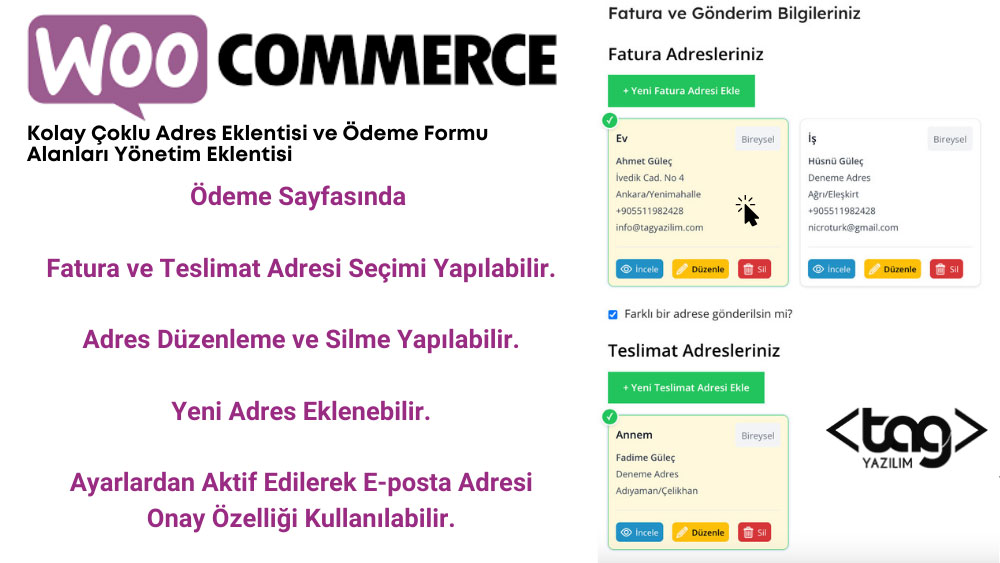 WooCommerce Kolay Çoklu Adres ve Ödeme Formu Alanları Yönetim Eklentisi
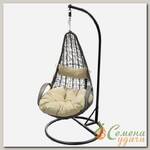 Качели садовые Кокон, 1-мест, 75х95 см, 150 кг, Груша, темно-серые, ротанг, подушка бежевая, RS9218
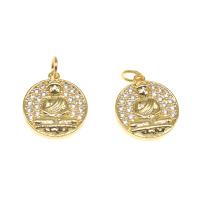 Cubic Zirconia Micro Pave Brass Pendant, Round, plated, DIY & micro pave cubic zirconia, golden, 16*14*2mm 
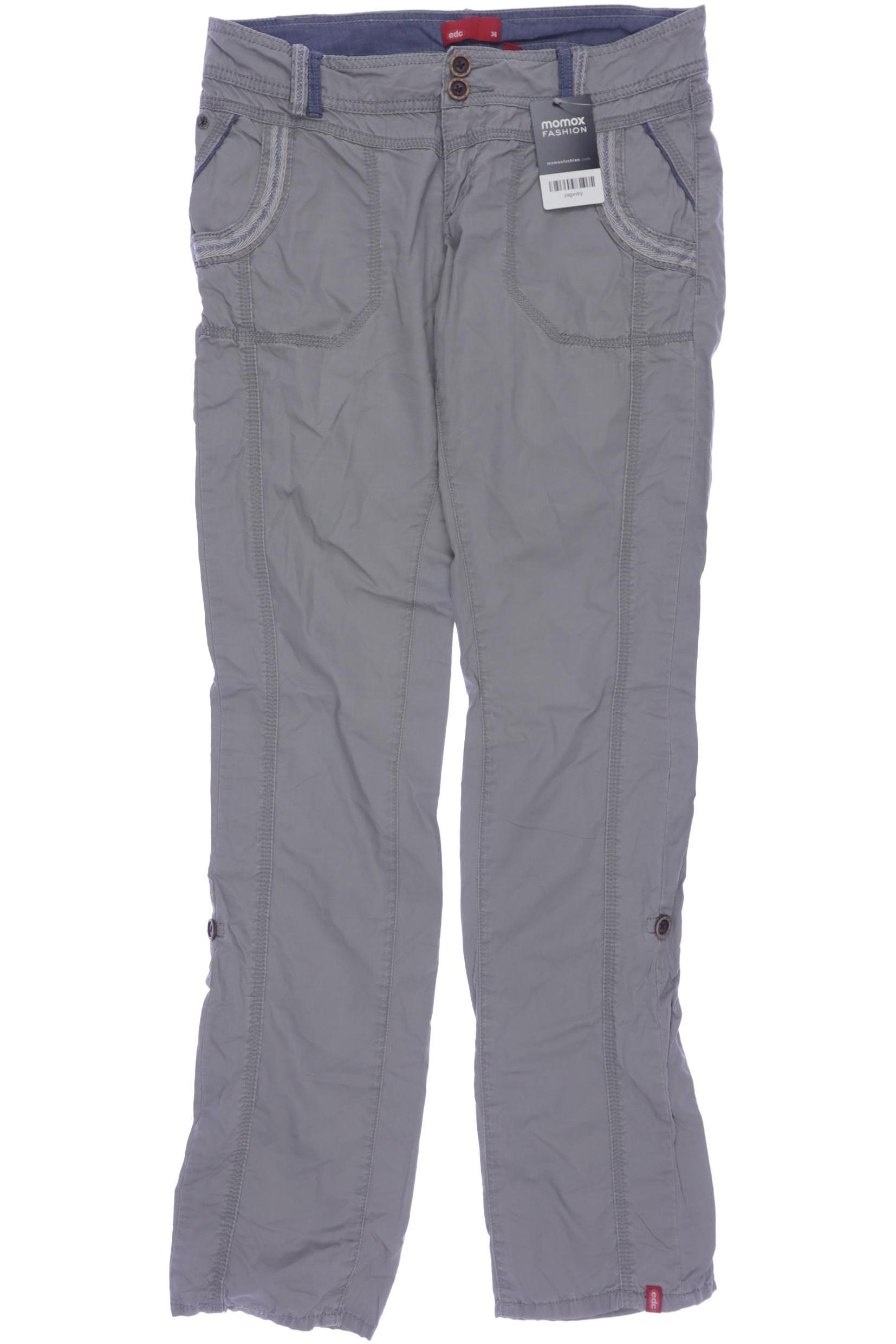 

edc by Esprit Damen Stoffhose, grau, Gr. 36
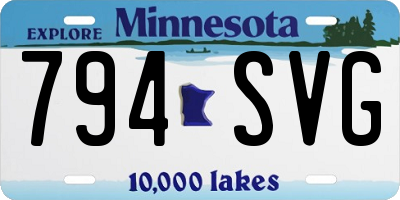 MN license plate 794SVG
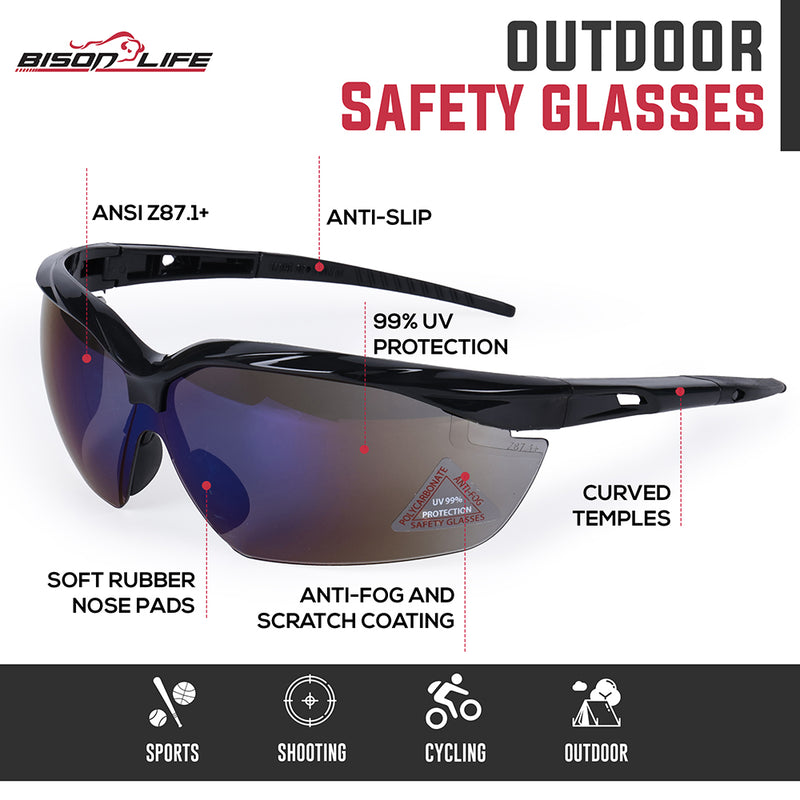 Bison Life HylinePro Black Temple Anti‑Fog Wraparound Safety Glasses, UV Protection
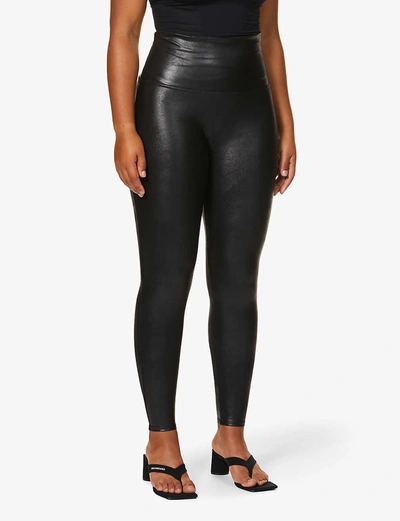 Spanx Womens Black High-rise Faux-leather Leggings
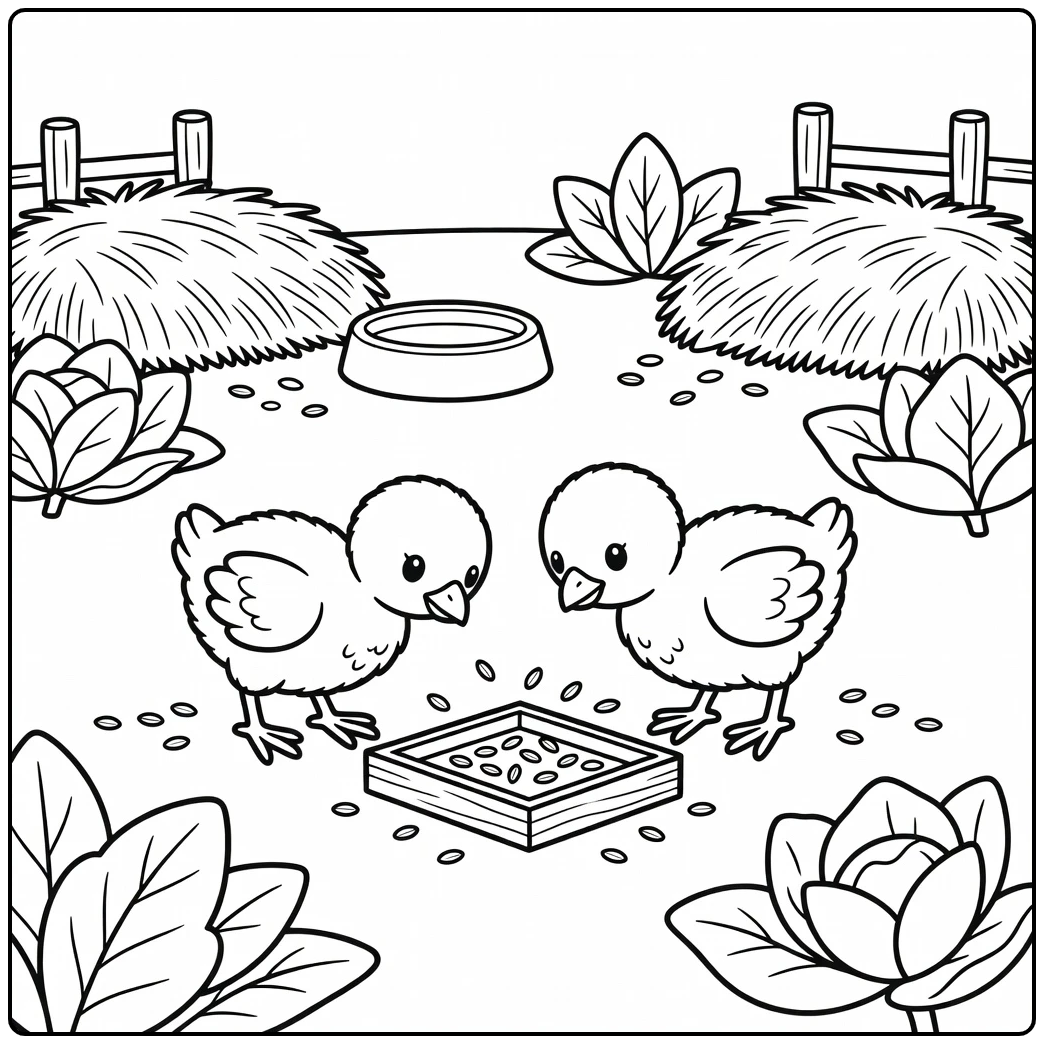 Baby turkey coloring page with poults pecking seeds by tray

WORK TO COMPLETE:
Your task is to restate word for word the lines from the top of the data to the line containing "Bison Life HylinePro", both ends included, with every picture left out.

RESPONSE FOR THIS EXERCISE:
 WooCommerce Kolay Çoklu Adres ve Ödeme Formu Alanları Yönetim Eklentisi
 Качели садовые Кокон, 1-мест, 75х95 см, 150 кг, Груша, темно-серые, ротанг, подушка бежевая, RS9218
 Cubic Zirconia Micro Pave Brass Pendant, Round, plated, DIY & micro pave cubic zirconia, golden, 16*14*2mm 

edc by Esprit Damen Stoffhose, grau, Gr. 36
 MN license plate 794SVG
 Bison Life HylinePro Black Temple Anti‑Fog Wraparound Safety Glasses, UV Protection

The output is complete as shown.